Sharing mindfulness in a formal setting including schools and workplaces. Extending our practice into the larger communities we share Seeds of mindfulness can be planted in anyone at any time-seeds that under the right conditions can burst and bloom into a life of compassion and connection, writes Dr. Willard. Growing Up Mindful invites you to embark on something incredible and world-changing as you join the growing community of adults bringing wonder, curiosity, and reflection back into childhood and adolescence.

Mindfulness for children-growin-up-mindful

Slowing down our minds (We are “mind full” instead of mindful)

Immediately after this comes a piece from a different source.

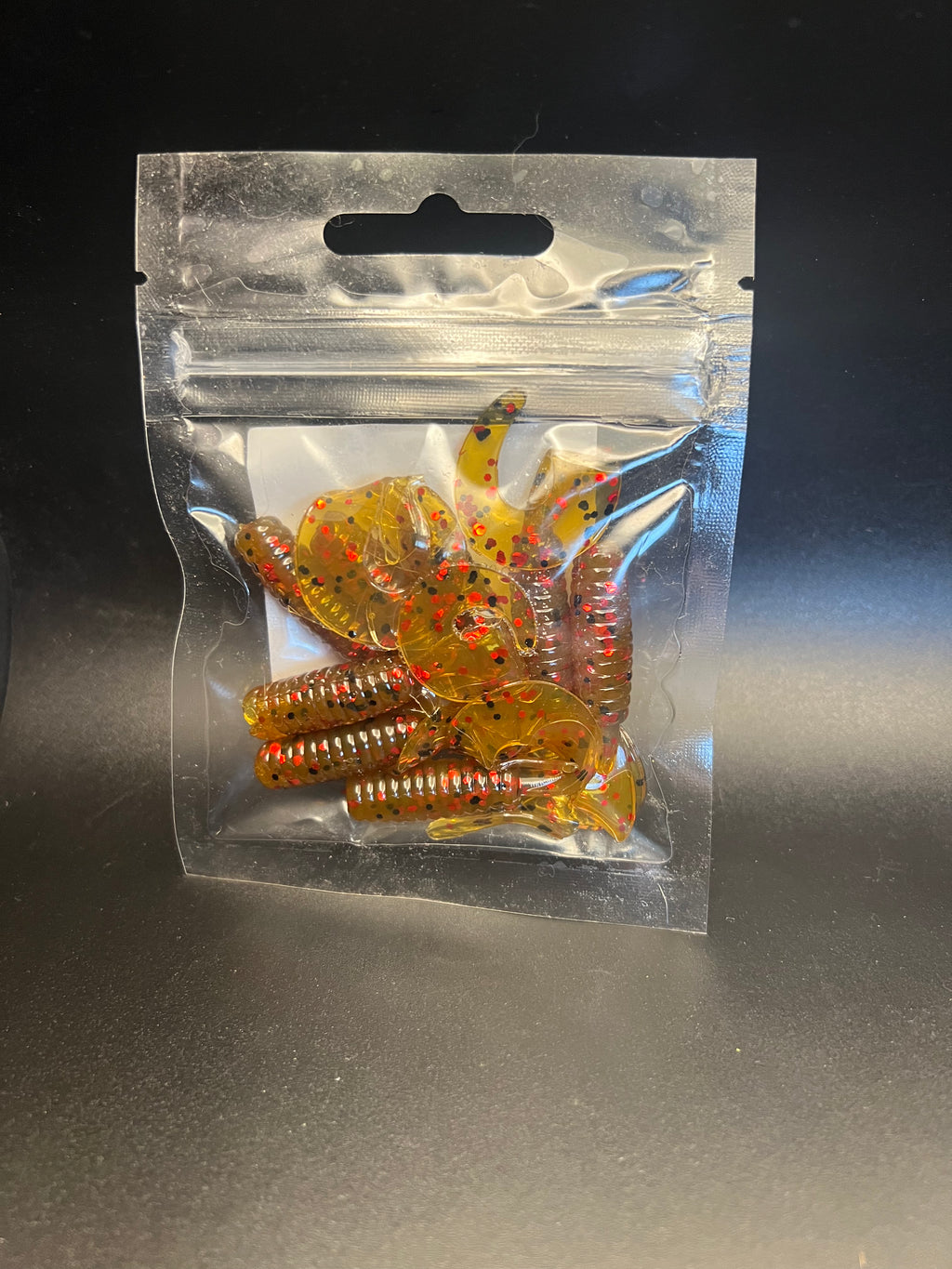 Gold gravy-style curly twister tail grubs with red speckles in clear bag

Mindfulness practices provide counterbalances to our busy world, because encourage us to slow down, stop the rush, be instead of do, experience instead of think. For kids, the brain relaxes not only during mindfulness practices but also in:

  • free play
  • recess
  • meditation
  • vacation
  • nap time / daydreaming
  • doodling / drawing
  • exploring the world around them, spending time with nature.

Young people are falling into the busyness trap. They are frequently overbooked, distracted, constantly with new technology devices bombarding them with new things to do, to watch, to listen. Staying busy became an obsession, before even they become adults. That’s why, it is so important to learn how to slow down and manage their responses to stress.

Introducing Mindfulness to kids

Step1: Take Time to Prepare the Soil

Ensure that you have a good relationship with them. When kids trust and connect with you, in general, and in the moment, they are more likely to give the whole mindfulness thing a try. If you meet any resistance slow down. That good relationship is a key and you do so by emerging out of your own mindfulness and compassion. Your relationship with your child is more important than any mindfulness.

Step2: Assess What you Can – and Cannot – Change

Set and know your intentions. Usually, parents have an underlying agenda – like behavior changes that you want to see. Yet offering mindfulness with the agenda of change sends a message to kids that they are broken and in need of fixing. The thing is you can’t change the kids, you may only change your approach and how you relate with them. You may encourage change in their environment and create the conditions under which that positive change you are seeking is likely to occur.

Step3: Consider Your Kids

Think about their personalities, and interests. A kid who loves sports might be motivated to learn mindfulness if she can do so by exploring movement or body-based exercises. Kids who love art could start with mindful drawing, sculpting, and observation activities.


Step 4: Bring it in and Generate Buy-in

Only you know what will catch your kids’ attention. Tailoring the pitch to them will inspire and make mindfulness more appealing. Here are some tips that you could try:

  • Tap into their desires, and show them how it helps to achieve what they want
  • Identify role models
  • Pique their curiosity
  • Discuss stress and its effects
  • Enlist the help of other kids
  • Emphasize freedom
  • Ask them to join you in your practice
  • Do informal practices with them
  • Be honest and realistic

More information in the book. Highly recommended.